I’ve found that physical travel makes us travel through life faster. We usually experience more in less time, we expand our horizont and see the world from different angles. We realise this the second we come home and see nothing has changed – but we have. A feeling most, who have left for a while know only too well.
We set off into the world to learn about others and adapt to different ways of thinking. We’re excited about it. We find ourselves stepping out of our regular patterns, leaving our comfort zone and trying new things that we wouldn’t have imagined at home. Occasionally we even pick up new habits on the road that will stick to us for years to come.
I’ve spent the last few days far away from anything really.* A nice – not paradise, but good enough – beach on a small island in Thailand that can only be reached on a boat. The family, who owns our bungalows speaks little English, but smiles a lot. It’s a good place to stay for a while and explore. There’s sea shells to be found on the beach, the ocean to watch as tide comes in and leaves again. A small island you could walk to during low tide, but I haven’t gotten around to yet. I’ve been busy doing nothing most of the time making decisions as I go. Left or right. Banana pancake or fried rice. Is it time for insect repellent or am I okay to get bitten for just a little while longer. It’s good to slow everything down every now and then.
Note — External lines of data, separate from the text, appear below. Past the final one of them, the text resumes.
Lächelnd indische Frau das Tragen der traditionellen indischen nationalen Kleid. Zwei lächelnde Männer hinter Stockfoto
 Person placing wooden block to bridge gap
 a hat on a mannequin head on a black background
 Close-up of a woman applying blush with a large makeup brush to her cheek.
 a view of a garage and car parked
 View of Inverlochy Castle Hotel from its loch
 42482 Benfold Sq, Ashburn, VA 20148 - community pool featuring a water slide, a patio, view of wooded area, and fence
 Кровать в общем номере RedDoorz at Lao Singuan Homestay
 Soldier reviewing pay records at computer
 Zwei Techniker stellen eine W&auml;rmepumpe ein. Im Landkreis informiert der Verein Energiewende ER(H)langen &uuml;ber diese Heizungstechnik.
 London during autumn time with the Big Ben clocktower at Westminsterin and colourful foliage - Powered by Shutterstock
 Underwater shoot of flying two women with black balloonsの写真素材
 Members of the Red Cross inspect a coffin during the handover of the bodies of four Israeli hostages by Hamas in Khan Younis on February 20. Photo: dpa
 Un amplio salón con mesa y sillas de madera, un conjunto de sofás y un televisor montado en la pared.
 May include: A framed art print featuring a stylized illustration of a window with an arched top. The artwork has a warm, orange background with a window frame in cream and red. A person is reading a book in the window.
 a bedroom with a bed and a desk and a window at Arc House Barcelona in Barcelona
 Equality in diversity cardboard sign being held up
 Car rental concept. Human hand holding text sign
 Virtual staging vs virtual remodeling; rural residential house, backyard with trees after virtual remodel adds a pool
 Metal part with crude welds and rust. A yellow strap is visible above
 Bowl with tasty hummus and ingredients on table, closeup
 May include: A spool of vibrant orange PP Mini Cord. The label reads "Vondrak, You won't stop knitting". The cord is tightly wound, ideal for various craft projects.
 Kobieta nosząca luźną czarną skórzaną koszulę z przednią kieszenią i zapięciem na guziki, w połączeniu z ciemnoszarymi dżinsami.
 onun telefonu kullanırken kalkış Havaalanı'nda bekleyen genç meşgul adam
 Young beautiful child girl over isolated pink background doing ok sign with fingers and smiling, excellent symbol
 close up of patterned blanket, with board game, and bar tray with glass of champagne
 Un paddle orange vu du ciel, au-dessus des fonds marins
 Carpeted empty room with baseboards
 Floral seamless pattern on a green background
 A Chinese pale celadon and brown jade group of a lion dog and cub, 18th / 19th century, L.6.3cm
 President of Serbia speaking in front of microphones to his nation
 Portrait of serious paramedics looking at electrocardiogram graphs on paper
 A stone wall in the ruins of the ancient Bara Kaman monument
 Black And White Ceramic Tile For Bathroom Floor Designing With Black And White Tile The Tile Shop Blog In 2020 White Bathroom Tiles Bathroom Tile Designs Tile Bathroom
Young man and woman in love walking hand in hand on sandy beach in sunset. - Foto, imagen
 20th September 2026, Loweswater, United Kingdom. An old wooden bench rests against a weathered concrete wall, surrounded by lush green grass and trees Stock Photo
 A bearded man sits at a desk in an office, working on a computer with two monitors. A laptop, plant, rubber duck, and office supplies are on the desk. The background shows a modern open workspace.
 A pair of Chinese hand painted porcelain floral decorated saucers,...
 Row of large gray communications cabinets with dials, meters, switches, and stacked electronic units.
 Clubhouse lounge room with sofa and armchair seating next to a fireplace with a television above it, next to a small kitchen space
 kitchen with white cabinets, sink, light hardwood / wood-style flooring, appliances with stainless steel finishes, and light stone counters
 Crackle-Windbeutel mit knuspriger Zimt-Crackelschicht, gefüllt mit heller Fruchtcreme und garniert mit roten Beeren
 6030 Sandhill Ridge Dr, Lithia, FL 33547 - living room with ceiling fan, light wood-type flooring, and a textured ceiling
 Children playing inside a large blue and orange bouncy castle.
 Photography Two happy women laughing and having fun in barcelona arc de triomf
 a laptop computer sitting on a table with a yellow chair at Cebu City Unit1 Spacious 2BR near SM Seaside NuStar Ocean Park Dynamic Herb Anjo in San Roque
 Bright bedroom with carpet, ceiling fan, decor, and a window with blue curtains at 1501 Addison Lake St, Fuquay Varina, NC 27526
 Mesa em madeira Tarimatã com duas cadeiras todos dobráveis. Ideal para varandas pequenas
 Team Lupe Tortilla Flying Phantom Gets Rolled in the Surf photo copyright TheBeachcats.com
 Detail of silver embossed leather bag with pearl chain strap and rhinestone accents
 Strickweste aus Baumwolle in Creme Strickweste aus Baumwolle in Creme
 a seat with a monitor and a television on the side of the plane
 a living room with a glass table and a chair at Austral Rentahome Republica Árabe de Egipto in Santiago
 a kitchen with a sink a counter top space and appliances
If you wanted to you could come here and go without talking for days.
It’s the beauty of simplicity and not expecting anything. No expectations from myself and the world around me. An idea I find rather pretty. And yet this leaves a hell lot of time to think. Your thoughts start to wander. It starts with the near past, but those memories are the easiest to fade as time progresses. You move on to think about what you where doing a year ago, maybe two.
Then you start to wonder how you got here and you think about the many things that have gone right. After all you’re in a beautiful place and must have made some pretty good decisions along the way, right? And then you catch yourself wondering about things in the past that left you with a bitter taste, a bad memory – or even worse – an unresolved question. You’re hooked.
For myself time has taught me that I’m the kind of person who wants to understand. I need a story. Life to me seems like a long story, and you better make it a good one. Sometimes the stories come from someone else, sometimes I can figure them out myself. So, what if you can’t figure it out? Some hang on to religion. An almighty god, someone who knows more than you do and pulls the strings. For me it’s the good in people I believe in. Trusting myself on the decisions I’ve made, my roots and friends I’ve chosen. Even the mistakes I’ve made, trusting on the fact that I’ve learned and they’ve taken me forward in life.
„It will all be okay, and if it’s not it’s not the end,“ a cliché saying, but a terribly comforting one. I guess that’s part of traveling too, trusting the future and letting go of the past for a while, because eventually you’ll figure it out. Someday, somehow. It’s the beauty of traveling.
*I wrote this text about two weeks ago, during my Thailand trip.